Provided data Block Start

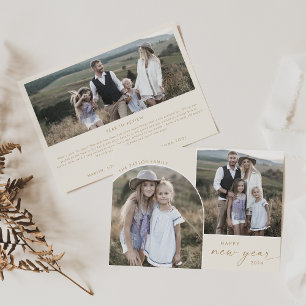 Tarjeta Festiva Arco moderno   Cream New Year 3 Family Photos News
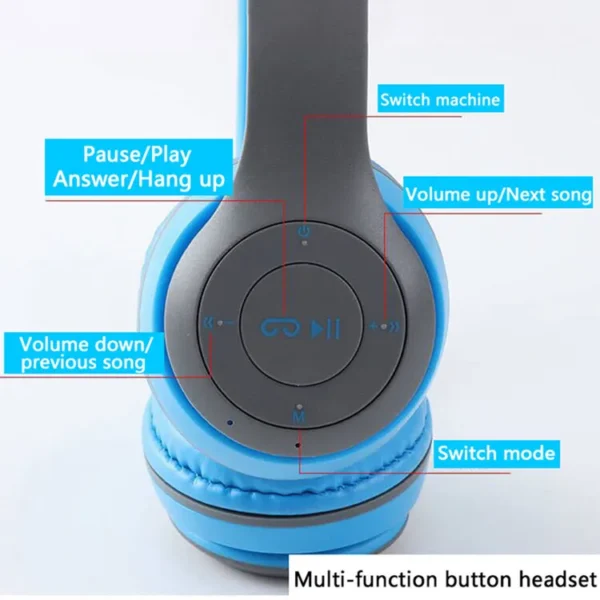 Auriculares inalámbricos bluetooth P47, auriculares plegables para teléfono móvil o ordenador, audífonos con línea AUX y tarjeta TF - Imagen 2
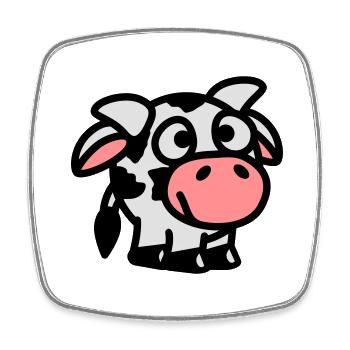 smiley_cow_3c - Square fridge magnet - white - Front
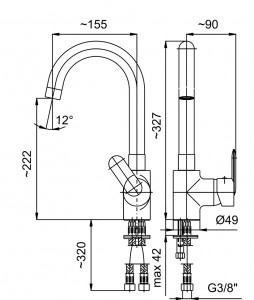 Bateria zlewozmywakowa z wylewką stałą 155 mm {KFA CYRKON}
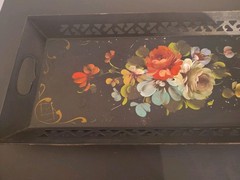Vintage Hand Painted Floral Toleware Rectangular Metal Serving Tray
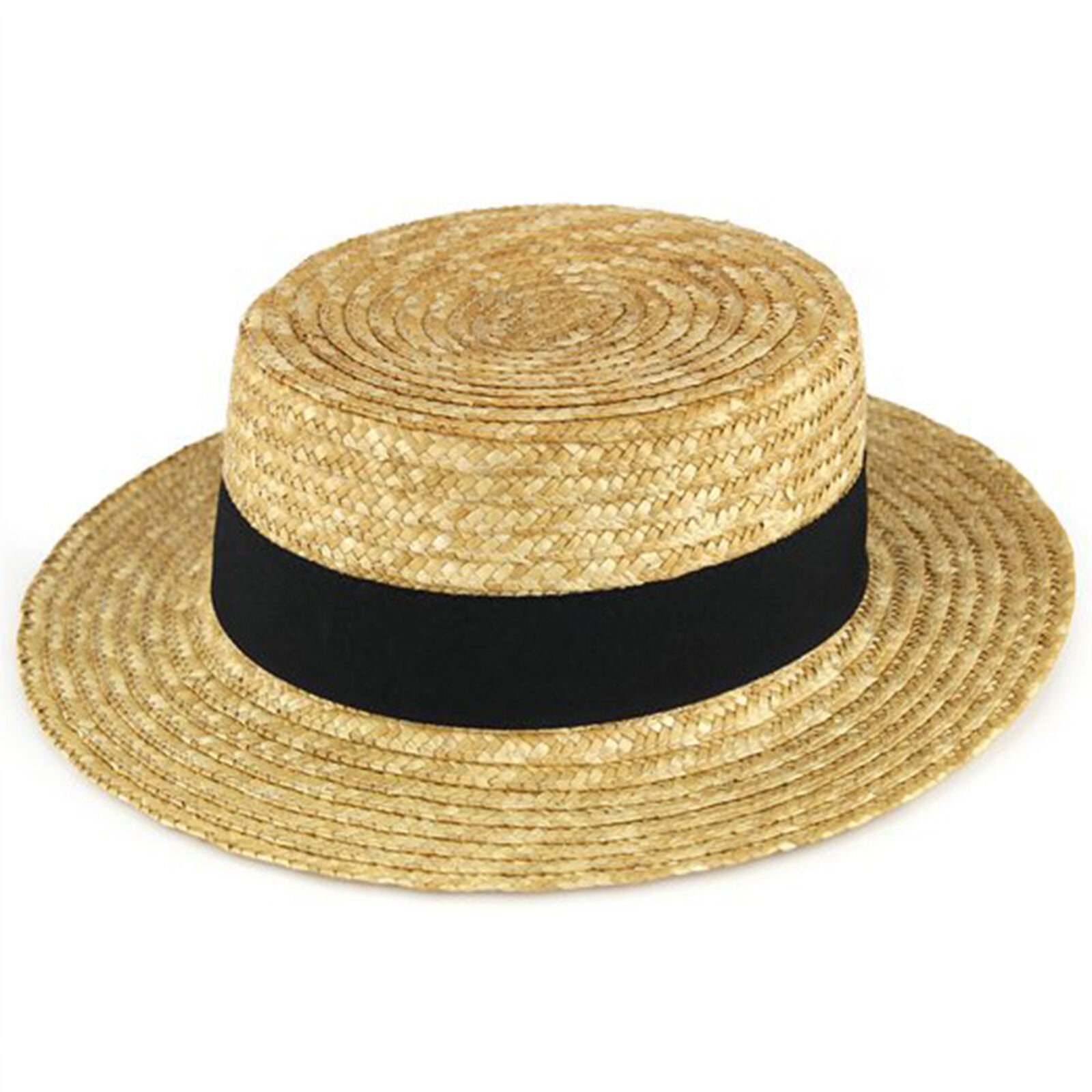Hawkins Straw Sun Boater Hat With a Black Band 3 Sizes FAST Etsy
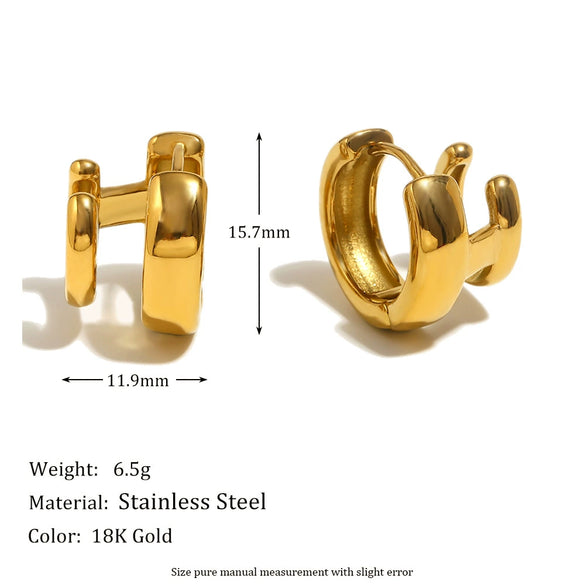 Wholesale Women's Fashion Creative Niche Design Geometric Stainless Steel Earrings With 18K Gold Plated Personality Casting Ear Buckle And Electroplating Treatment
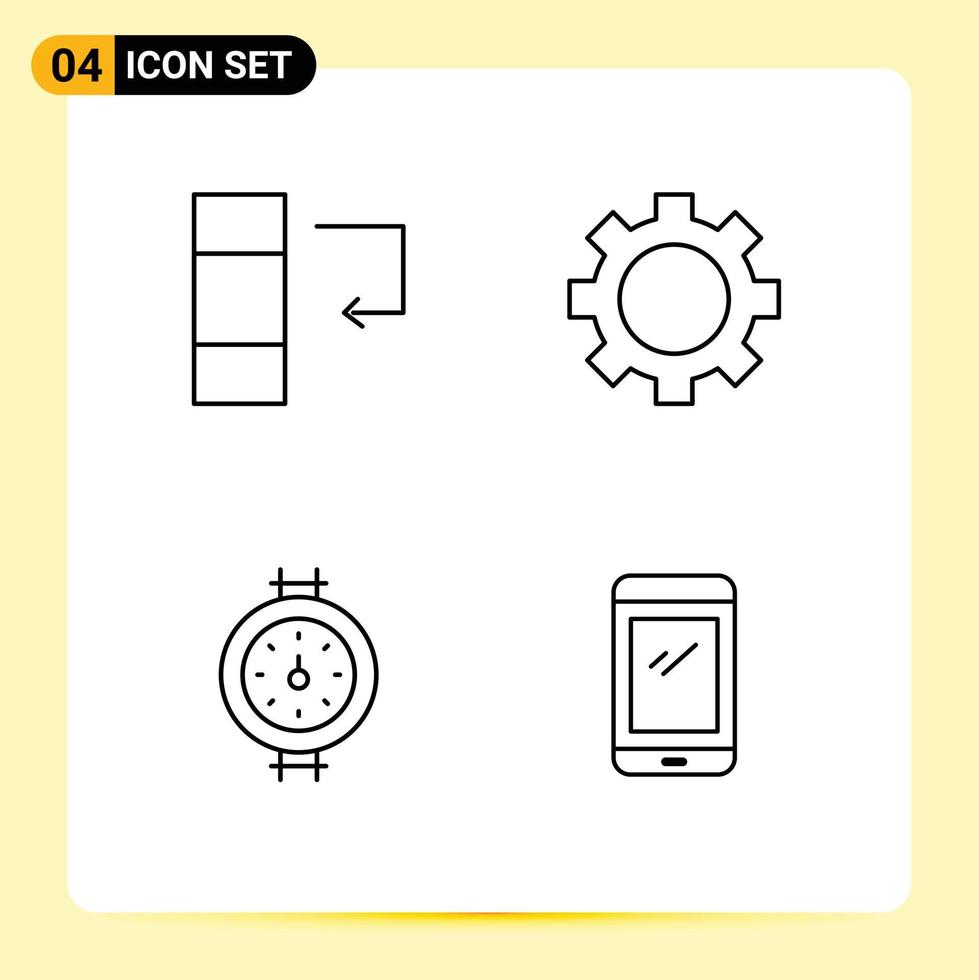 Set of 4 Modern UI Icons Symbols Signs for column pipe devices technology smart phone Editable Vector Design Elements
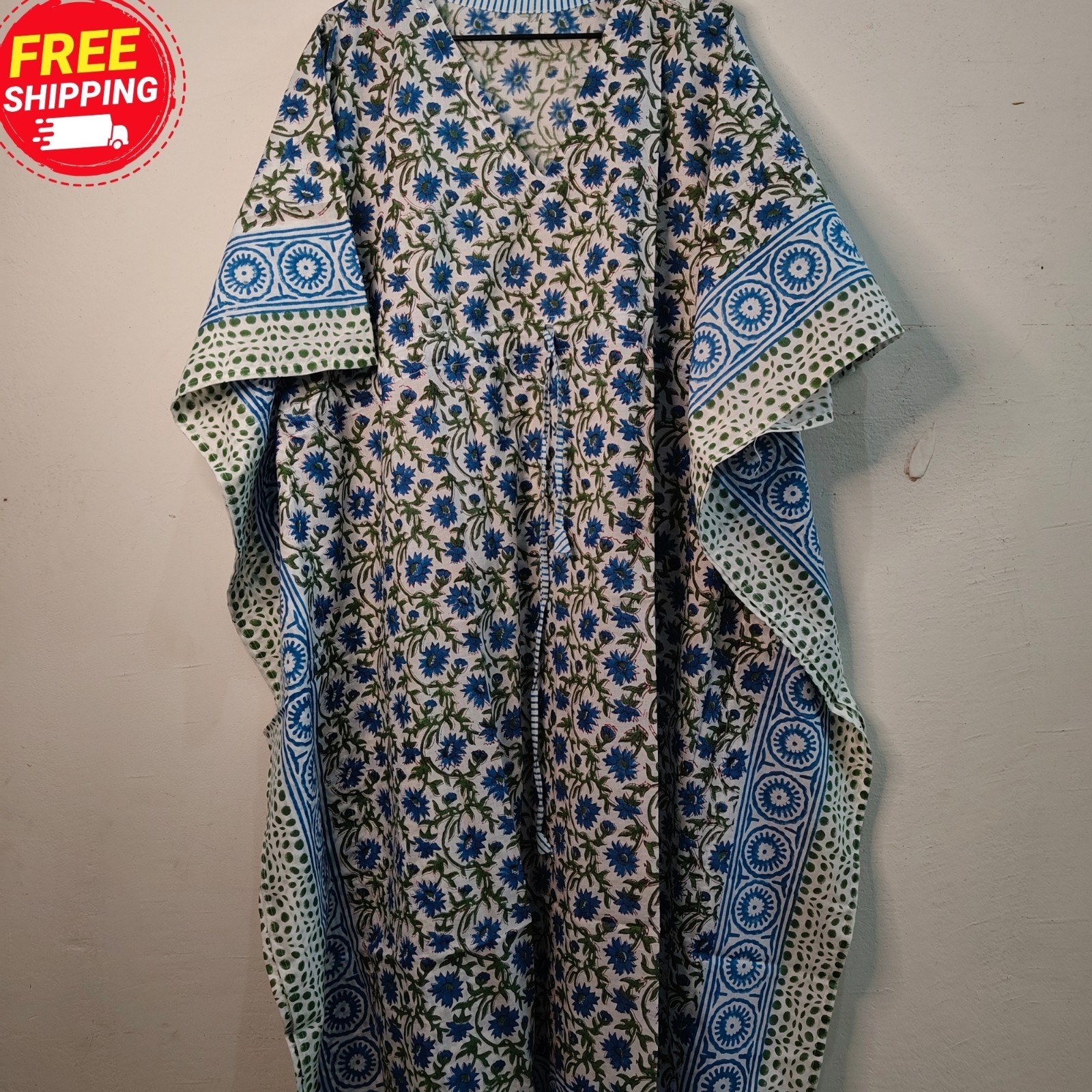 handblock print kaftan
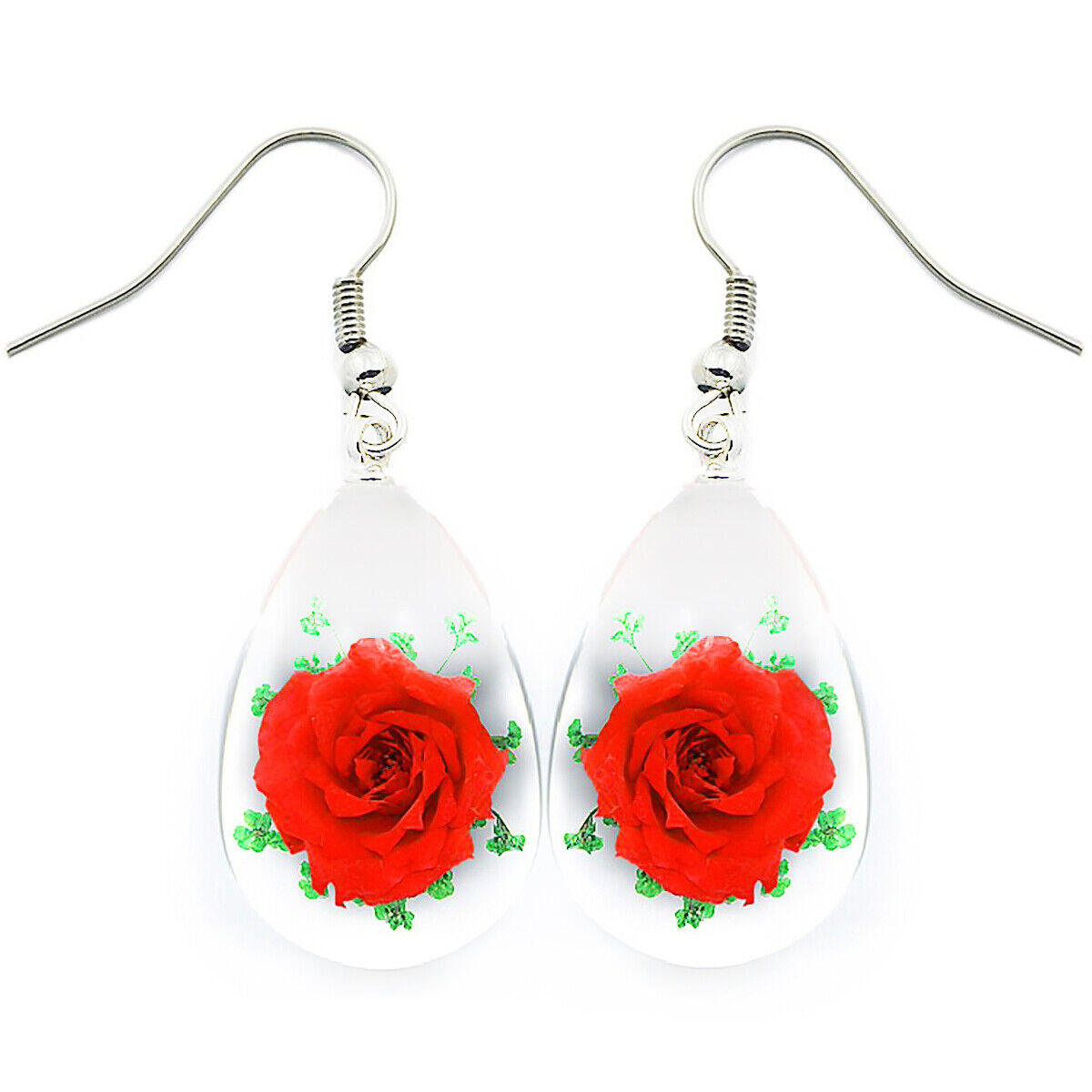 Flower real preserved red green rose earrings FE_6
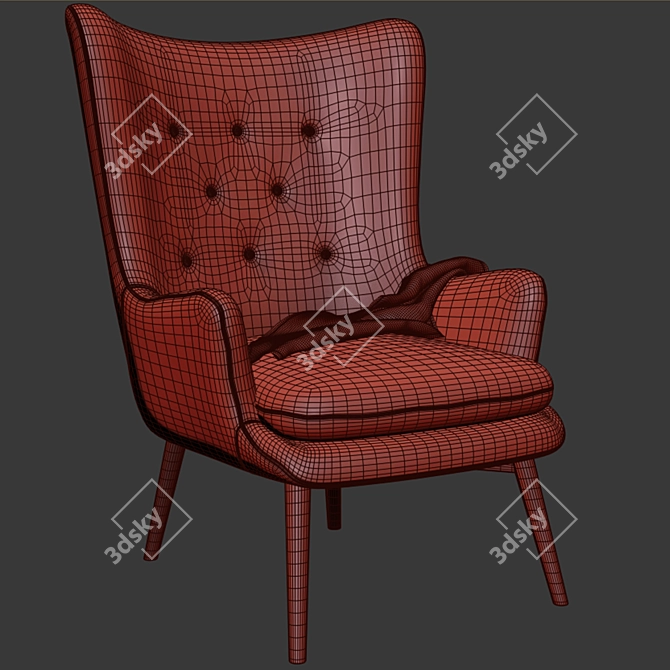 Elegant Aarmo Wing Chair 3D model image 3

Provided data Block End

Write out exactly the stretch of lines that begins with the line containing "Flower real preserved" and ends with the last line of the records above, leaving out the pictures.

Answer box
 Flower real preserved red green rose earrings FE_6
 Elegant Aarmo Wing Chair 3D model image 3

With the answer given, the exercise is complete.